Teknolojiden fazlası gerekiyor

Rapora göre, salımları ekonomik ve ucuz bir şekilde azaltma fırsatları 2014'ten bu yana muazzam bir şekilde çoğaldı. Bu, büyük ölçüde, enerji sektörünün ötesinde üretim ve ağır nakliyat gibi alanlarda salım azaltımı vaat eden yenilenebilir kaynakların düşen maliyetlerinden kaynaklanıyor. Ancak son on yılda elde edilen tüm enerji verimliliği kazanımları, ekonomik büyümenin ve nüfus artışının fazlasıyla gerisinde kalıyor. Teknoloji de bu duruma tek başına bir çözüm getirmiyor. 2030 yılına kadar küresel salımları yarıya indirme şansına sahip olmak için daha az yüksek karbonlu ürün kullanmalı ve daha az salım yoğun yaşam tarzları benimsemeliyiz.
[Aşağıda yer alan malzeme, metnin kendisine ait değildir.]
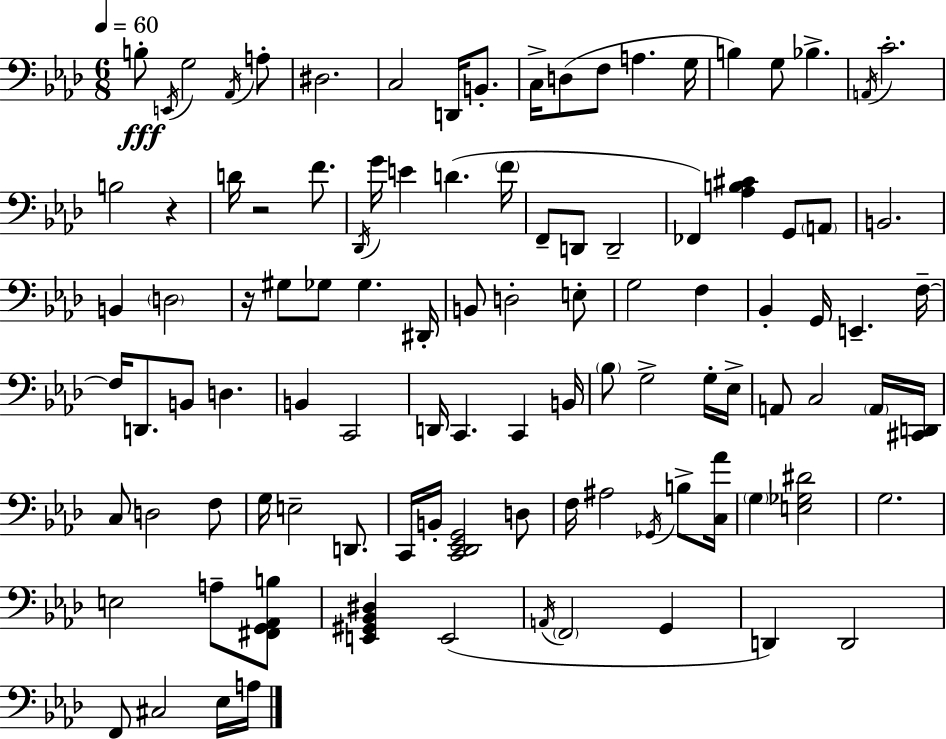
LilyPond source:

Kimse geride bırakılmamalı

Rapor ayrıca, Sürdürülebilir Kalkınma Amaçları’nın etkili iklim eylemi olmadan başarılamayacağını vurguluyor. İklim eylemi, enerji, şehirler, sanayi, toprak, su ve insanlarla ilgili olanlar da dahil olmak üzere diğer tüm hedeflerle bağlantılı. Bu nedenle salım azaltım politikaları kapsayıcı olmalı ve mevcut yoksulluğu ve açlığı daha da kötüleştirmek gibi istenmeyen sonuçlardan kaçınmalı. Düşük karbonlu bir dünyaya geçiş adil olmalı ve kimseyi geride bırakmamalı. IPCC raporu bu kapsamda hem hızlandırılmış iklim eylemi hem de adil bir geçiş çağrısında bulunuyor. Bu, hükümetin tüm seviyelerinde ve tüm sektörlerde iyi tasarlanmış politikalar oluşturmasını gerektiriyor ve uluslararası iş birliğini savunuyor.
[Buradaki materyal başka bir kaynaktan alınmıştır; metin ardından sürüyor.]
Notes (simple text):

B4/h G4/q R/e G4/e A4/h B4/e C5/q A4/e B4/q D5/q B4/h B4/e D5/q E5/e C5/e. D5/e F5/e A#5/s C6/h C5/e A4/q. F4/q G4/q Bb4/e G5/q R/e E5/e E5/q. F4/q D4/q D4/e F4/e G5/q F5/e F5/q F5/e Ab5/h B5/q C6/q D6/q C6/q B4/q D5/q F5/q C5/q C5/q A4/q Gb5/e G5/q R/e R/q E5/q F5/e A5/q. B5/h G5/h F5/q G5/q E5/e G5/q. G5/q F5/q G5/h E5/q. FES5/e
Paris Anlaşması işliyor mu?

Bu rapor, 2020'den itibaren yürürlüğe giren Paris Anlaşması'nı değerlendiren ilk rapor. Anlaşma kapsamında ülkeler, salım azaltım ve değişen iklime uyum sağlama taahhütlerini sunuyor ve güncelliyor. Bu taahhütlerin küresel olarak gerçekleştirilebilmesi için, yüksek gelirli ülkeler finansman, temiz enerji teknolojilerine erişim ve diğer yardım ve bilgi birikimi sağlayarak gelişmekte olan ülkelere yardım etmeli.

Ancak IPCC, küresel iklim finansmanında bir eksiklik olduğunu dile getiriyor. Yüksek gelirli ülkeler, diğer ülkelere yardım amaçlı yılda 100 milyar ABD dolarını harekete geçirmeye yönelik 2020 hedeflerini kaçırdı. Çünkü bu taahhütlerin yasal bir bağlayıcılığı yok. IPCC raporu yine de anlaşmanın yavaş da olsa işe yaradığını tespit ediyor. Anlaşma sayesinde ülkeler daha iddialı taahhütlerde bulunurken, ayrıca şeffaflık artıyor. Sivil toplum kuruluşlarının sürece dahil olması ve genç iklim hareketleri, anlaşmanın işlemesine destek olsa da süreç yavaş ilerliyor.

Şehirler büyük önem taşıyor

IPCC raporu, dünyadaki sera gazı salımlarının yaklaşık %70'inin şehirlerde ve kentsel alanlarda meydana geldiğini tespit etti. Bu durum, salımların azaltılması için hem zorluklar hem de fırsatlar sunuyor. Bugüne kadar dünya çapında 1.000'den fazla şehir, birçoğu Avustralya'da olmak üzere net sıfır salım hedeflerine imza attı. Ancak Paris Anlaşması’nı yerine getirmek için daha fazla şehir, %100 yenilenebilir enerji, sıfır karbonlu ulaşım, inşaatın karbondan arındırılması ve atık yönetiminin iyileştirilmesi gibi hedeflere doğru adım atmalı ve çalışmalı. Gelişmekte olan ülkeler hızla kentleşiyor ve bu da yeni konut ve altyapı gerektiriyor. IPCC, bunun için her zamanki yöntemlerin kullanılmasının yeni salımlara yol açabileceği konusunda uyarıyor. Şehir liderleri, iklim sorununun üstesinden gelmek için entegre planlama ve yönetimi benimsemeli.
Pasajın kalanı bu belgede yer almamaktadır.